• _Stored items_:
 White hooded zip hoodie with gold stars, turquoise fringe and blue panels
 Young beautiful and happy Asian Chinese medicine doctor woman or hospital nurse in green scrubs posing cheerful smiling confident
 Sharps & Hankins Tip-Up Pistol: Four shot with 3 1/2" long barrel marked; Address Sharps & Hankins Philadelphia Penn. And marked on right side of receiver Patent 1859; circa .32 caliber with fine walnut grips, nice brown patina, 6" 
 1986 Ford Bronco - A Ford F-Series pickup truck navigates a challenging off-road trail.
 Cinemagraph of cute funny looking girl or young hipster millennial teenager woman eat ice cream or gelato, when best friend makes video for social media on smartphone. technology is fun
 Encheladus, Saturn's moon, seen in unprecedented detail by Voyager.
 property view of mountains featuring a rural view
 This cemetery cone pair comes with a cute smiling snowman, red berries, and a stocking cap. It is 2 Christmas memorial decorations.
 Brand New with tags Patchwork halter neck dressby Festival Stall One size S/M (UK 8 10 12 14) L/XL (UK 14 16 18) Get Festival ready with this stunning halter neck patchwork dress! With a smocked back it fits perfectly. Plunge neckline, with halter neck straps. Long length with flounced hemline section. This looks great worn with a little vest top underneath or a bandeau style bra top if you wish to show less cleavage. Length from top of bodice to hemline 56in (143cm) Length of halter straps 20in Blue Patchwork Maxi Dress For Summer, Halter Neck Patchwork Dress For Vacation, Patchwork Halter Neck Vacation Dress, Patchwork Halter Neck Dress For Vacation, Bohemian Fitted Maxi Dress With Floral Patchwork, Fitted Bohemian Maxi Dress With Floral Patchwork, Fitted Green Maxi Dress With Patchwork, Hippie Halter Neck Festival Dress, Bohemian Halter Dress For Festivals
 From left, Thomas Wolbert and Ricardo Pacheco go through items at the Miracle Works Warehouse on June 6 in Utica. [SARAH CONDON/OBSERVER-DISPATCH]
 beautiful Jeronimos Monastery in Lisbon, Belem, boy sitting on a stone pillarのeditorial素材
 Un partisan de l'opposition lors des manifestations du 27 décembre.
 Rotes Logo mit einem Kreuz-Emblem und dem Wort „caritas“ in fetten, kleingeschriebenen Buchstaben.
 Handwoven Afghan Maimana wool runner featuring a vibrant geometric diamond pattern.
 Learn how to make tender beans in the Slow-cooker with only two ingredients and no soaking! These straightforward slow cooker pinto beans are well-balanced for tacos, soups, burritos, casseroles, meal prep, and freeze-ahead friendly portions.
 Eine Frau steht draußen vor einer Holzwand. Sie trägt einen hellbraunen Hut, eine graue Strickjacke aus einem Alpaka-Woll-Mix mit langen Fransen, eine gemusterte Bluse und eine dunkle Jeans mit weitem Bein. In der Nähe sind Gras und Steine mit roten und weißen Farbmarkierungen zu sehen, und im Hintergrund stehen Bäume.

• _YOUR INSTRUCTIONS_:
Above are the records. Print exactly, and only, the lines from the line with "Un partisan de" to the line with "Handwoven Afghan Maimana", both inclusive.

• _FINISHED TASK_:
 Un partisan de l'opposition lors des manifestations du 27 décembre.
 Rotes Logo mit einem Kreuz-Emblem und dem Wort „caritas“ in fetten, kleingeschriebenen Buchstaben.
 Handwoven Afghan Maimana wool runner featuring a vibrant geometric diamond pattern.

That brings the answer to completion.